# Deadlifting straps.



## Bri

So guys what difference does it make on deadlifts using straps? Strength wise. Obviously i understand it is very helpful if you have a weak grip as you are attached to the bar.

How much do you guys think it would add to your lift? For example i deadlift 165kg for a single.
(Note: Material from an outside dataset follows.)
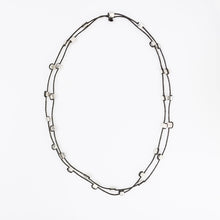 Carica l'immagine nel visualizzatore di Gallery, COLLANA IN ALLUMINIO CON DADI RADI| Cod.HUBM311125012300 |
What would be your educated gues if i were to use straps?

just curious, thanks in advance.


----------



## Aron

300 KG
​


----------



## Bri

Aron said:


> 300 KG
> ​


Are you serious? :confused1:


----------



## Aron

No lol i dont think think it will improve it that much if any at all mate unless you have a terrible grip.


----------



## Seyyed-Merat

are you using mixed grip or overhand grip?

If its mixed, then for me straps dont make a diffrence for singles but they do make a diffrence if you want to eek a few more reps out, just buy some chalk andd change your grip if your looking to lift more for your 1rm.

I have pretty bad grip myself, but I can deadlift 170kg for single no problems using a mixed grip at a bw of 67kg.


----------



## chrisj22

Straps hinder performance, IMO.

If your grips going, get some liquid chalk.


----------



## Seyyed-Merat

chrisj22 said:


> Straps hinder performance, IMO.
> 
> If your grips going, get some *liquid chalk*.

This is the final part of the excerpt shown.